=== STUDY MATERIAL ===
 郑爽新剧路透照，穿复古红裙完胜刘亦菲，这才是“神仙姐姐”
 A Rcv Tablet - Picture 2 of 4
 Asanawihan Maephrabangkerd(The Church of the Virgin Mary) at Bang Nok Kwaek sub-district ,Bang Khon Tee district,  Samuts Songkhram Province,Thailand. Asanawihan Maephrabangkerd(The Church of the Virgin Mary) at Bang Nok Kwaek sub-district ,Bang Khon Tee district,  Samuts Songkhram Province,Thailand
===
=== STUDY MATERIAL ===
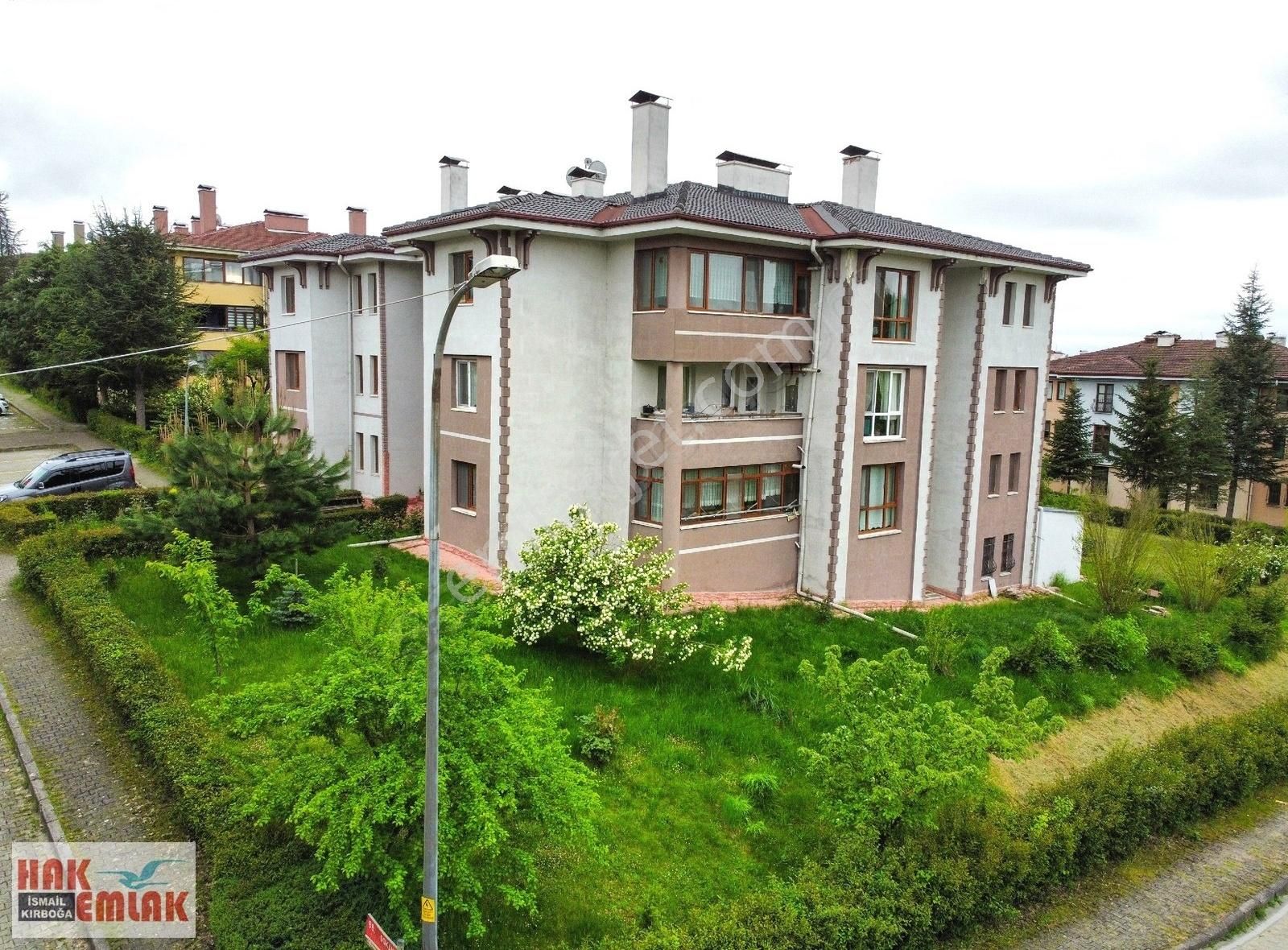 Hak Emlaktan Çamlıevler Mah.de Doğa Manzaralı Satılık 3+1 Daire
===
=== STUDY MATERIAL ===
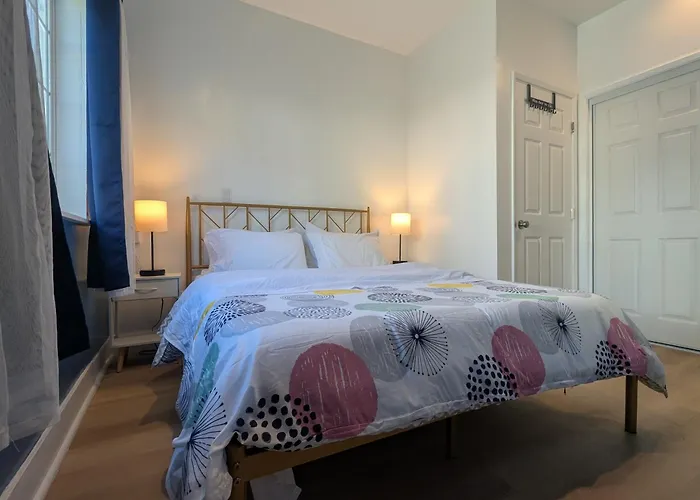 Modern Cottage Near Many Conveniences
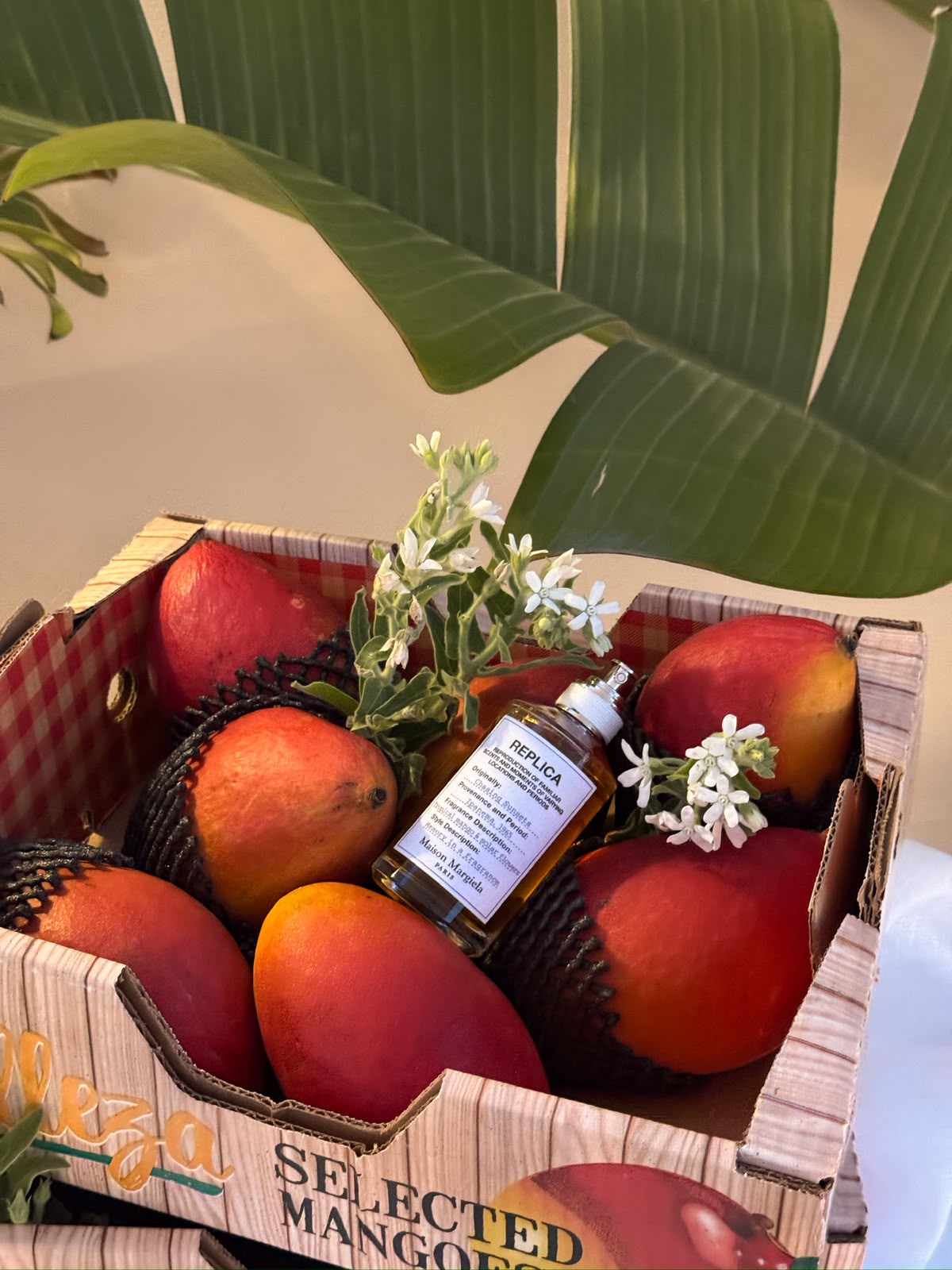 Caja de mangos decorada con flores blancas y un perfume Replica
===
Give back the exact lines above, running from the one that has "Modern Cottage Near Many Conveniences" through the one that has "Caja de mangos", with nothing added and no pictures.

## TASK RESULT
 Modern Cottage Near Many Conveniences
 Caja de mangos decorada con flores blancas y un perfume Replica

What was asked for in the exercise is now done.